For CRISPR-Cas9 editing of the chloroplast-encoded atpF gene in Nasturtium officinale, researchers should implement the following specialized approach:

• Chloroplast-specific CRISPR System Design:

  • Develop chloroplast-specific promoters (e.g., PpsbA) to drive Cas9 expression

  • Design sgRNAs targeting conserved regions of atpF while avoiding off-targets

  • Include chloroplast-specific markers for selection

• Delivery Methods:

  • Biolistic transformation using gold particles coated with CRISPR components

  • Alternative: chloroplast-targeted peptides fused to Cas9 for protein-based delivery

• Target Site Selection:

  • Focus on non-intronic regions for higher editing efficiency

  • Avoid regions critical for core function if studying subtle modifications

  • Consider accessibility of the target region within the nucleoid structure

• Screening Protocol:

  • PCR amplification of target region followed by restriction digestion

  • Sanger sequencing to confirm precise edits

  • Next-generation sequencing for detecting low-frequency editing events

  • Observation of phenotypic changes associated with ATP synthesis

• Homoplasmy Achievement:

  • Multiple rounds of selection on spectinomycin-containing media

  • Single-cell propagation to enrich for edited plastome copies

  • PCR verification of homoplasmic state

This approach represents the cutting edge of chloroplast genome editing and can be applied for both functional studies and potential improvement of energy metabolism in Nasturtium officinale .

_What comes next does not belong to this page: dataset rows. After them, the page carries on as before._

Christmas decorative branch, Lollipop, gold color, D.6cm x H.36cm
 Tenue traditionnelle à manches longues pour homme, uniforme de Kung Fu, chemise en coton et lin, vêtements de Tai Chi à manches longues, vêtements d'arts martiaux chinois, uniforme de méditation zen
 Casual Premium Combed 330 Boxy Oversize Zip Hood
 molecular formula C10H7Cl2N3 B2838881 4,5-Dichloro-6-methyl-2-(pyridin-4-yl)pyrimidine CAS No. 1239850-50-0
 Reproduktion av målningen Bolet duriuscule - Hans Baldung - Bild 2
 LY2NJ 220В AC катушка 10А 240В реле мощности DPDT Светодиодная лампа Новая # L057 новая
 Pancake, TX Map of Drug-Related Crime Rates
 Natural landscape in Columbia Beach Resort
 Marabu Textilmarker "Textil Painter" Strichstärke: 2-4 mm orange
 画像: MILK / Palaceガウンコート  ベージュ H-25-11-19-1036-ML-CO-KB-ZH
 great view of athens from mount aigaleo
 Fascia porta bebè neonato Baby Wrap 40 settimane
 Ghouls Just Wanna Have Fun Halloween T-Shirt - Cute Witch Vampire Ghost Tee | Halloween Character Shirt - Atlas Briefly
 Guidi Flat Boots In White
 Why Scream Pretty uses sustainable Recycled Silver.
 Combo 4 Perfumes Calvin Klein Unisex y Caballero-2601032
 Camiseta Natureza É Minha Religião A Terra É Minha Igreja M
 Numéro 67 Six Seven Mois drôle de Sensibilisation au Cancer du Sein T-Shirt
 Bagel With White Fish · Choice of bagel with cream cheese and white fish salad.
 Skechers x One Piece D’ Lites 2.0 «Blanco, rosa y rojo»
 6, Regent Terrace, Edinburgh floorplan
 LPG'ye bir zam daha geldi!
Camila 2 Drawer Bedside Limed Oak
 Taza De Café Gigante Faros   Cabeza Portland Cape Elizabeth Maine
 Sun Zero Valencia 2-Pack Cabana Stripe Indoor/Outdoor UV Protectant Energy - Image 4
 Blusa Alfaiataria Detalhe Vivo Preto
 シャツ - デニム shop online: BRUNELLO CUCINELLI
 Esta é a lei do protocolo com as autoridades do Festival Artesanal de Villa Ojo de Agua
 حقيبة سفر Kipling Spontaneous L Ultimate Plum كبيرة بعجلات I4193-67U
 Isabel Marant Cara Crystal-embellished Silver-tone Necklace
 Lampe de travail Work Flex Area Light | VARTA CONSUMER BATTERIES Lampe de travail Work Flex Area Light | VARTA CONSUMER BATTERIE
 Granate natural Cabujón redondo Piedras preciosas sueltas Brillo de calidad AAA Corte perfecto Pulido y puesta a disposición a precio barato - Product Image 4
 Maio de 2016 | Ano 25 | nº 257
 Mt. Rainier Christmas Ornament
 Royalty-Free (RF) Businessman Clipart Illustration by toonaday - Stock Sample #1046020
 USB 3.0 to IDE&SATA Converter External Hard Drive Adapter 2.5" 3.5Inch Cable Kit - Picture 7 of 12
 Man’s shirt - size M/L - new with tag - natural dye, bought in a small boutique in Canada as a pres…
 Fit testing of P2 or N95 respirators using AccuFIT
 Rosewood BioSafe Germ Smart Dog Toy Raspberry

How does environmental stress affect atpF expression and function in Nasturtium officinale?

Research on environmental stress responses in Nasturtium officinale has revealed significant impacts on atpF expression and function:

• Phosphorus Limitation Response:

  • Under phosphorus deficiency (P-), plants maintain shoot yield through enhanced root biomass development

  • Transcriptomic analysis reveals differential expression of genes involved in ATP metabolism

  • The atpF gene shows altered expression patterns as part of the plant's phosphorus use efficiency (PUE) mechanisms

  • Two distinct breeding lines (line 60 and line 102) demonstrate different strategies for maintaining ATP synthesis under P limitation

• Temperature Stress Effects:

  • Cold stress (below 15°C) induces changes in ATP synthase activity

  • Heat stress (above 30°C) affects assembly of the ATP synthase complex

  • Post-translational modifications of atpF increase under temperature extremes

• Oxidative Stress Implications:

  • High light conditions trigger protective mechanisms involving ATP synthase

  • Antioxidant capacity increases under stress conditions that affect ATP synthesis

  • Glucosinolate concentration remains stable despite altered energy metabolism

• Methodological Approaches for Stress Studies:

  • RNA-seq analysis to quantify transcriptional changes

  • Proteomic analysis to detect post-translational modifications

  • Biochemical assays to measure ATP synthase activity under varying conditions

  • Comparative analysis of different watercress genotypes to identify stress-tolerant variants

This research provides valuable insights into the adaptive mechanisms of energy metabolism in watercress under environmental stress conditions .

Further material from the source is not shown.